Welcome to the Metro Filmfest 2000! - FUNFARE by Ricardo F. Lo

It’s guaranteed: The ongoing Metro Filmfest 2000 showcases among the best of local films. It’s been a long time since the annual Metrofest has chosen such excellent entries (the so-called "Magic-6"), not since more than two decades ago when it featured the works of topnotch directors (among them Eddie Romero’s Banta ng Kahapon, Eddie Garcia’s Atsay, Lupita Kashiwahara’s Minsa’y Isang Gamu-Gamo).

This year’s entries close the old millennium with a big bang, which is a good way to usher in the new millennium for the movie industry which is only now gradually recovering from a prolonged slump brought about by several causes, including unfair competition from cable TV and film pirates, onerous taxes and plain loss of interest on the part of the movie fans forced to rather stay home and turn on the TV set and watch ’em superstars for free (look, Ma, we don’t have to cope with the traffic jam and the rigors of dressing up).

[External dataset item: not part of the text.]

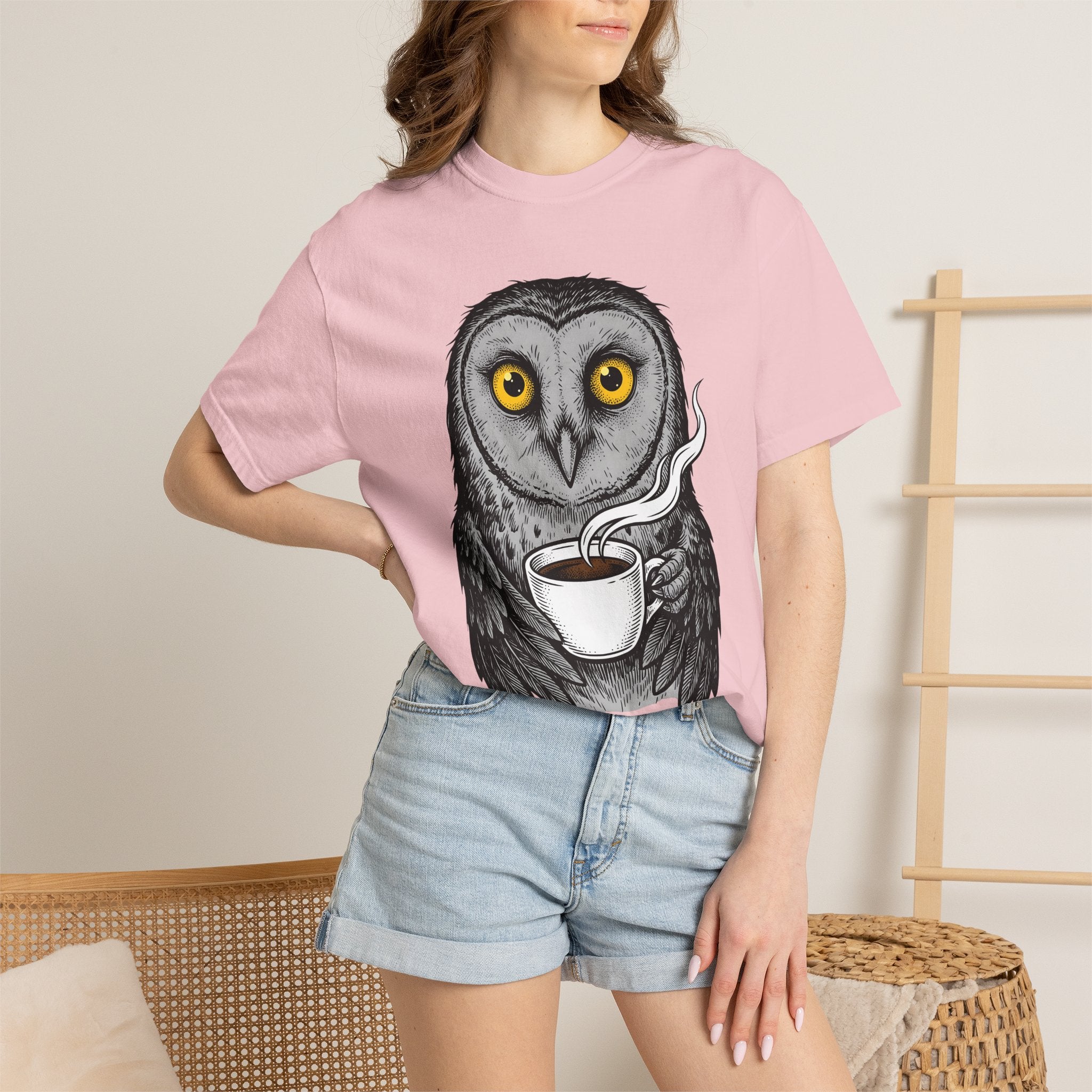 Owl Coffee Mug Shirt Coffee Pets Gift Women Line Art Tee Owl T-Shirt Coffee Fan Hoot Graphic Hand Drawn Steam Wave Tshirt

These past few months, local movies have been luring movie fans back to moviehouses. You see, if ’em producers make good movie, ’em fans will come.

This year’s Metrofest will make you cry (don’t forget to bring Kleenex), laugh and laugh, examine your conscience, cry some more, marvel at the exploits of a police officer and, fasten your seat belts, make you take a flight to fantasy.

Here are the Magic 6 and what to expect from them:

* Star Cinema’s Tanging Yaman, directed by Laurice Guillen, a family drama that will pinch your heart and hug your mother as soon as you get home

* GMA Films’ Deathrow, directed by Joel Lamangan, is another drama that focuses on inmates of death row, including minors who shouldn’t be there

* Millennium Cinema’s The Ping Lacson Story, directed by Toto Natividad, is the story of perhaps the country’s most controversial police officer

* RVQ Films’ Markova: Comfort Gay, directed by Gil M. Portes, is the true story of a female impersonator’s harrowing experience in the hands of sex-starved Japanese soldiers during the war

* MAQ Films’ Spirit Warriors, directed by Chito Roño, is an adventure-fantasy with amazing special effects

* Regal Films’ Sugatang Puso, directed by Joey Javier Reyes, is another family drama designed to squeeze your lachrymal glands some more.